Things are improving in small ways, mostly on streaming thanks to shows like "Bridgerton" that undeniably f***, but everything remains pretty limited in terms of what goes on between the sheets. Kink of any kind is still a no-go topic for screens big and small. While the highly profitable adaptation of the much-derided "Fifty Shades" trilogy was sold as a journey into the dark pleasure of BDSM, the end results were decidedly vanilla and not all that erotic. Besides, 15 years prior, another movie beat it at its own game.
Released in 2002, "Secretary" brought sadomasochism to the forefront in a uniquely quirky romantic drama that blew the dust off the entire rom-com genre.

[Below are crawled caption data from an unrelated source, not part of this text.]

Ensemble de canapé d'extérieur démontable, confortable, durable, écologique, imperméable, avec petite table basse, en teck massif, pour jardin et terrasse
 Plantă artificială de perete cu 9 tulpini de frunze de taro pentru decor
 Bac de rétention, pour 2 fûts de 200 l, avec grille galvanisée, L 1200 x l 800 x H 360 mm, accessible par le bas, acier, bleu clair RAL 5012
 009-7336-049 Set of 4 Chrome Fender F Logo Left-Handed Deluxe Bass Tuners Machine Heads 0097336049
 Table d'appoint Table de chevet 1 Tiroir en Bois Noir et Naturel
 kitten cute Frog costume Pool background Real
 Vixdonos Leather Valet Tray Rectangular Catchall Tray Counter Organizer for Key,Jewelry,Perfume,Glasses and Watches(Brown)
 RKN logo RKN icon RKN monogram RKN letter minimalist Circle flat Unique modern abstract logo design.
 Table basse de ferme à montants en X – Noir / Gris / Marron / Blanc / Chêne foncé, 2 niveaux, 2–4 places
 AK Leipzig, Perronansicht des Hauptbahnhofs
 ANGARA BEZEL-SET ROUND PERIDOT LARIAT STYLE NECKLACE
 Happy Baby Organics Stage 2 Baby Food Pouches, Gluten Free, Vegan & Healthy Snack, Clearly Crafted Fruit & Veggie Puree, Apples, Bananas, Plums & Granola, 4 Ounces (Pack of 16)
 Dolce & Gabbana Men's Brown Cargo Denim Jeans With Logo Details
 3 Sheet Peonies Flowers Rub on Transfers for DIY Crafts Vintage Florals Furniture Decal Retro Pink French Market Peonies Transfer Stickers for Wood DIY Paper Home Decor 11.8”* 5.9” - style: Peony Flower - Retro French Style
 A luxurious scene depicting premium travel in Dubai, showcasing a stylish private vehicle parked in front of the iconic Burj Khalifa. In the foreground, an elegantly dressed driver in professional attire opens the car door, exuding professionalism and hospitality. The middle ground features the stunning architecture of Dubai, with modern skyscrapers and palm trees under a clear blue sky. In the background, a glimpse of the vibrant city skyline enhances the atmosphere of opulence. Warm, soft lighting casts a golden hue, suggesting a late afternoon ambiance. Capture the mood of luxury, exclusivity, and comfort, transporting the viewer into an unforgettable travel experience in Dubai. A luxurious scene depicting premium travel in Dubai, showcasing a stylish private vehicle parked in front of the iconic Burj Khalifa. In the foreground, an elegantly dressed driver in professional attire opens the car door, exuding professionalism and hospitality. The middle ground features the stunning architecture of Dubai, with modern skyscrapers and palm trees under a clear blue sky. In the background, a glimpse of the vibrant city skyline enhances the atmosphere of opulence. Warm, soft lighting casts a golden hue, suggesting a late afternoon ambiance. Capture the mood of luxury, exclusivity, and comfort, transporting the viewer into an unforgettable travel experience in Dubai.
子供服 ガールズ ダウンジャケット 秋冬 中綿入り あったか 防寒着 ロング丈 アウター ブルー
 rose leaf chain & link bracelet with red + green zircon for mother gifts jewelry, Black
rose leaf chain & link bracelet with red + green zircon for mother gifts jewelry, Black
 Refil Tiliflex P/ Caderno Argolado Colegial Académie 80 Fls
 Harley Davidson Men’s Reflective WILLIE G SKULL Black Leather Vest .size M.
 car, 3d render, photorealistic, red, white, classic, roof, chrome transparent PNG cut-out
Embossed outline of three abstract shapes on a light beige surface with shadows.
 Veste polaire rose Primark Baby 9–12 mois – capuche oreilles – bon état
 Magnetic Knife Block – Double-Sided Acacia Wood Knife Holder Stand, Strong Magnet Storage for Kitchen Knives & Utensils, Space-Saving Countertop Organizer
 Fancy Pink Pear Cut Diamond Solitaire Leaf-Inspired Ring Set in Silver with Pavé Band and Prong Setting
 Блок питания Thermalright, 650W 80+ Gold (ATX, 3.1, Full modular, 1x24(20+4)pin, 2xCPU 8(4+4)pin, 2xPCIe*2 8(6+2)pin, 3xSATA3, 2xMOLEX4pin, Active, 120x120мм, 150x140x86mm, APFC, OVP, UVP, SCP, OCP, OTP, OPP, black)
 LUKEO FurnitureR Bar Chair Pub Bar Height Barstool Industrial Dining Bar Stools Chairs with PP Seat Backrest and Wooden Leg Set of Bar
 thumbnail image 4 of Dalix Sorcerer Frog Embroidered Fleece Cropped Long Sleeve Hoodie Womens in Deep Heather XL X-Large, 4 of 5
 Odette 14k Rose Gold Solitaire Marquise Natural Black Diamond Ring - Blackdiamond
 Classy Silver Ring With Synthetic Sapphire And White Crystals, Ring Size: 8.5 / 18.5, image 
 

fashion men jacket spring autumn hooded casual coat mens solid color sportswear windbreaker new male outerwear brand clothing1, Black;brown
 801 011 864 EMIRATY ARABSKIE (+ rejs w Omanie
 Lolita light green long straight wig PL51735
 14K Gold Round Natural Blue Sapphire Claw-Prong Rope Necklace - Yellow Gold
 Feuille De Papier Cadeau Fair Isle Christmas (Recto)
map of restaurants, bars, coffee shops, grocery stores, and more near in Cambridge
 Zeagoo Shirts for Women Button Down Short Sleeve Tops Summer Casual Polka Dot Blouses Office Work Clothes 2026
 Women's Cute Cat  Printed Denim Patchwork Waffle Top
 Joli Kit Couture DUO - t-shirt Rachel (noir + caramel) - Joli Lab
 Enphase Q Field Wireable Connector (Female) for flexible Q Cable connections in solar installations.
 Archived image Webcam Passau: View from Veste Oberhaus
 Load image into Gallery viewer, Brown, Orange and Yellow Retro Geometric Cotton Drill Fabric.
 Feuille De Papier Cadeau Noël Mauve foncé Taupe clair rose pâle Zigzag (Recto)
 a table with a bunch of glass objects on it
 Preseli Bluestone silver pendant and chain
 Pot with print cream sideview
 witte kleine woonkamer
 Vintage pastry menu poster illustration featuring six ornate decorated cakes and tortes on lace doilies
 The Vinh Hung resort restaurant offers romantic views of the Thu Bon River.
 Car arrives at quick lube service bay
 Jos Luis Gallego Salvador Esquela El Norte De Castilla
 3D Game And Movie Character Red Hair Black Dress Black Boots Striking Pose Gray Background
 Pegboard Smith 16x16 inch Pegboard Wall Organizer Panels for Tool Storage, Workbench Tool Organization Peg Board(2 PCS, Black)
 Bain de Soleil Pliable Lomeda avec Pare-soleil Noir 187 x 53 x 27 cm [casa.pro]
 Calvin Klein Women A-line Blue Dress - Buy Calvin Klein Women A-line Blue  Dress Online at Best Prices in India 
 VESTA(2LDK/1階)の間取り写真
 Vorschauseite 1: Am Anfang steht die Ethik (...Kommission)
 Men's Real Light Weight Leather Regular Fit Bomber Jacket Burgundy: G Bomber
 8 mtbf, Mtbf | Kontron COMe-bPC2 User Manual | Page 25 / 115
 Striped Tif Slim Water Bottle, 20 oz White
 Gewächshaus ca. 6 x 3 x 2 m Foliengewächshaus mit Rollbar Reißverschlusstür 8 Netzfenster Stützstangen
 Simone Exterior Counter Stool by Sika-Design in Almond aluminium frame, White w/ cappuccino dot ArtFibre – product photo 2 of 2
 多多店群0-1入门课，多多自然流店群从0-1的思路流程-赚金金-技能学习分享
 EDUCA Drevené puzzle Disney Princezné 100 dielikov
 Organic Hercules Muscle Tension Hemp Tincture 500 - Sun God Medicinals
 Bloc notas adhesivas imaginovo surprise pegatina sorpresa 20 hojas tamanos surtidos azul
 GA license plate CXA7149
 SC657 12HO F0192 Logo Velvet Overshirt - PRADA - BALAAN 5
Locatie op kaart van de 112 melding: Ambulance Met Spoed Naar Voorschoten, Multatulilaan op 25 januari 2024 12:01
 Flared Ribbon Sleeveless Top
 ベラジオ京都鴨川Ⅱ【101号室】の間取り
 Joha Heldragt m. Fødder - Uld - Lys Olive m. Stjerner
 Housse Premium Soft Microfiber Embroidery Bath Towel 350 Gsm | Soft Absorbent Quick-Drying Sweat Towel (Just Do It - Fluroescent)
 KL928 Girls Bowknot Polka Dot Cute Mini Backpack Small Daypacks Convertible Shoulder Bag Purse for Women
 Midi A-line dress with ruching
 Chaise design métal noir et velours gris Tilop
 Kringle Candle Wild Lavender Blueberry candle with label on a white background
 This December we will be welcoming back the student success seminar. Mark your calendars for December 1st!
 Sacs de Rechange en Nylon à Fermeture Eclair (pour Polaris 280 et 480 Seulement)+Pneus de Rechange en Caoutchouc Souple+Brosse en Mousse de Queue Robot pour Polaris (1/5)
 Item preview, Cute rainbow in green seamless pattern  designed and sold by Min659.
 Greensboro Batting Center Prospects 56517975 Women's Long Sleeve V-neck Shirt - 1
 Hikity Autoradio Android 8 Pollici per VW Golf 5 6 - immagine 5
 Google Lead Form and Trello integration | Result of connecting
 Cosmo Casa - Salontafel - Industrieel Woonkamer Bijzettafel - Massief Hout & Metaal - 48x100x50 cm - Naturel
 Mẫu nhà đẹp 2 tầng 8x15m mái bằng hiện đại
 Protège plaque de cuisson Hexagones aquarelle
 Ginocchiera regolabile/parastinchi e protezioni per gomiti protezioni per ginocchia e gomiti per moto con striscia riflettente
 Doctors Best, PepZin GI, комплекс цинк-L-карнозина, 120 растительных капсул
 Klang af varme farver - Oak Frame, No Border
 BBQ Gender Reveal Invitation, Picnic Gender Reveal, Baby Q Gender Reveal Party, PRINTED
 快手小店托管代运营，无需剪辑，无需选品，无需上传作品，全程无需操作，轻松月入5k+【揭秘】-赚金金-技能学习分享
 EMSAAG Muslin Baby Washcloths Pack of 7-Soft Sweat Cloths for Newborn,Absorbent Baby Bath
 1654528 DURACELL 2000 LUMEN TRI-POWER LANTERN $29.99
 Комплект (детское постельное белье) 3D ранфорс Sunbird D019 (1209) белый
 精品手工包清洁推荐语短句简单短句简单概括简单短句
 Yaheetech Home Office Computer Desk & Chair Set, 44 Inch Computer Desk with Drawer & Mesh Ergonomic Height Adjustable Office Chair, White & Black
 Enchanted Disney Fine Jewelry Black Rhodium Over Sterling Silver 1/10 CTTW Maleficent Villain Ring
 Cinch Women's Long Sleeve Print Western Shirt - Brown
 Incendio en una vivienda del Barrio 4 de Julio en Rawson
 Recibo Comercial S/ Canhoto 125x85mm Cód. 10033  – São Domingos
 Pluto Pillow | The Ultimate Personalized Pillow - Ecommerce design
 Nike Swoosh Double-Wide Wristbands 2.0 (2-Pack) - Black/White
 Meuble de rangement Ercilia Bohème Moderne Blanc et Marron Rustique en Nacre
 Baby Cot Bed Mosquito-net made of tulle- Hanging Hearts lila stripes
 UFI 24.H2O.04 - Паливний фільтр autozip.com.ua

Directed by Steven Shainberg and adapted very loosely from a Mary Gaitskill short story by Erin Cressida Wilson, "Secretary" delved into the curiously well-functioning relationship between Lee Holloway (Maggie Gyllenhaal), an awkward misfit who becomes the secretary and submissive of E. Edward Grey, an eccentric lawyer confused by his own dominant desires (he is, of course, played by James Spader, and yes, people have long wondered if "Fifty Shades" writer E.L. James borrowed the name Grey for her own purposes.) Opening with a scene where Lee, strutting through the office and completing her mundane duties while wearing an arm bar that keeps her spread out like a cross, the film announces its intentions loud and proud.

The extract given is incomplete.